Se ci pensi è assurdo che io e Jon Hopkins che non abbiamo nessun punto in comune ci siamo messi a lavorare sulla stessa materia nello stesso periodo. Direi che sono tendenze nel mondo, energie che non si capisce come arrivino a tutti e affiorino in ambienti e contesti lontani fra loro. Viviamo in tempi abbastanza duri, e se prima le religioni fornivano agli uomini delle risposte ora, invece, la Chiesa e il Cristianesimo non sono più un luogo sicuro in cui rifugiarci. Questo vale quantomeno da noi in occidente, perché in certe parti del mondo il rituale (anche quello cristiano), la psichedelia e l’esoterismo sono pratiche ancora attuali e, anzi, fondanti delle società. Le persone di quelle società vengono abituate a queste pratiche fin dall’infanzia. Infatti, quella che tu chiami “rinascita” è un po’ una nostra percezione occidentale, in realtà in una visione più globale queste pratiche non sono mai sparite: ci sono sempre state e sempre ci saranno.

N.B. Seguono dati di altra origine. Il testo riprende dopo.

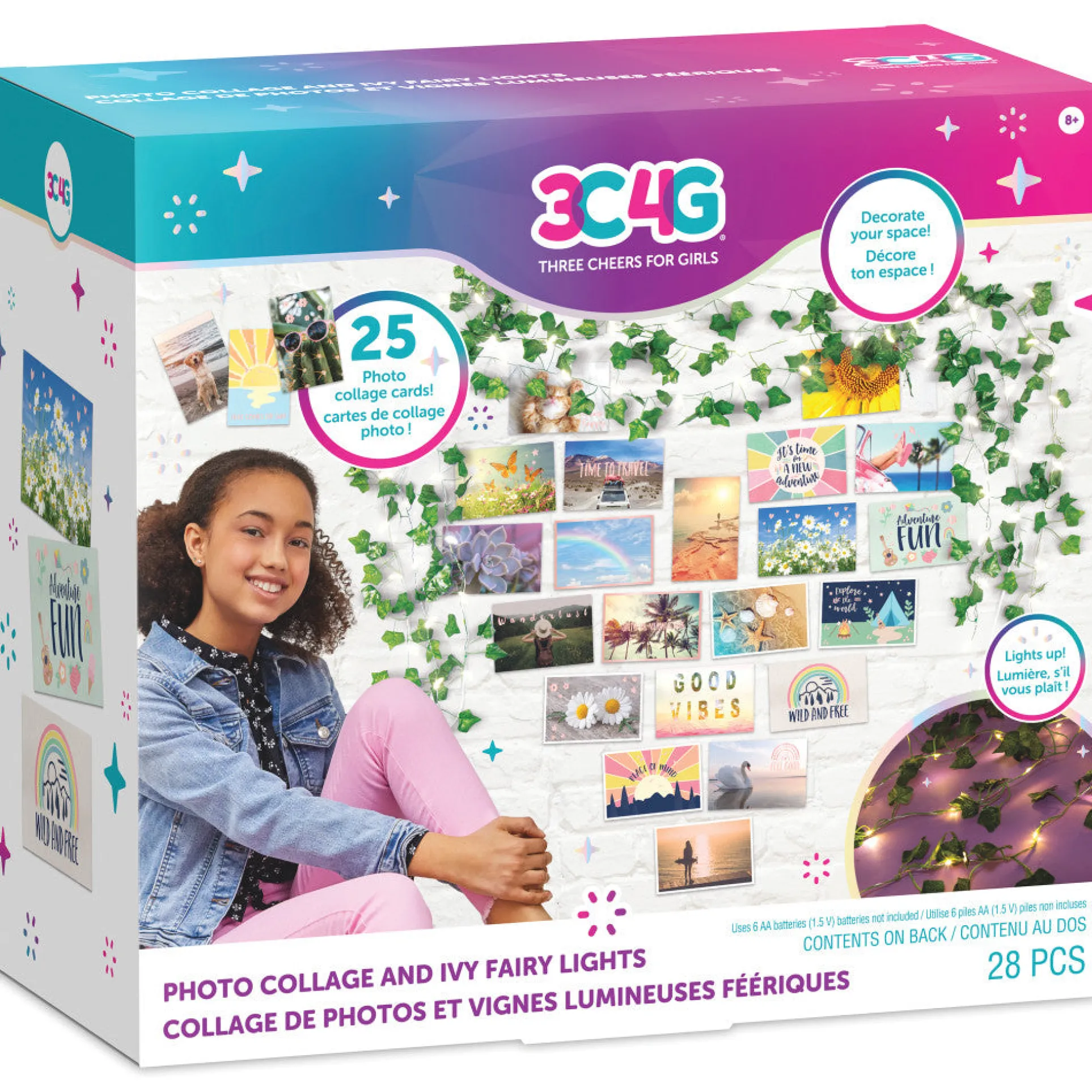 3C4G Ultimate Bedroom Makeover Photo Collage & Ivy Fairy Lights Kit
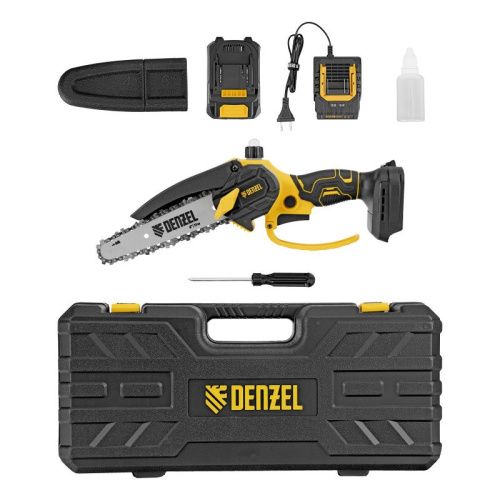Цепная мини-пила аккумуляторная Denzel CCS-150 бесщеточная-Tehinstrument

Dal punto di vista occidentale questo nuovo interesse lo vedo come una risposta naturale al nostro stile di vita materiale e sempre meno spirituale, come dicevo prima la Chiesa e in generale la religione davano delle risposte, ora le nuove generazioni non sono più disposte ad ascoltarle e cercano altri canali, altre forme di spiritualità come l’astrologia, e la psichedelia, a proposito della magia non saprei: non ho mai conosciuto maghi.

Pensi che ci possa essere qualche punto di contatto fra la musica elettronica dance, la techno, i club, e la musica popolare rituale, come la Taranta? Pensi che l’elettronica possa aver accolto l’eredità di quel mondo magico ed irrazionale che è stato distrutto dalla ragione, dalla scienza e dalle necessità dello sviluppo industriale? Mi riferisco soprattutto al fatto del ballo rituale ed esorcizzante. 

Assolutamente c’è una connessione. Dicevo che prima di Meridies ho abbandonato un disco alla cui base c’era proprio questo: trasferire il concetto di tarantismo, e quindi di esorcizzazione di quel tipo di isteria, dalle campagne del sud Italia al club dei giorni nostri. Quindi, sì, la techno, come la musica trance, ha oggi la medesima funzione del tamburello sui tarantolati del sud post-bellico. Perché la vita che conduciamo adesso è diversa rispetto a quelle di chi viveva nelle campagne del sud nel dopo guerra, eppure molto spesso le nostre vite sono comunque deliranti, frenetiche, dominate dal lavoro e dai suoi impegni, così ci ritroviamo a vivere in una dimensione estremamente materialista in cui il lato spirituale non sempre il proprio spazio. Inoltre, a tutto ciò si unisce una visione sempre più incerta del futuro, individuale e collettivo, che ci porta ad avere forme varie di isterie, ovviamente di entità differenti rispetto al passato, per cui sentiamo il bisogno chiuderci a ballare in un club per ore per svuotare la testa e sentirci più leggeri. In casi come questi è evidente la funzione terapeutica e rituale della musica e del ballo.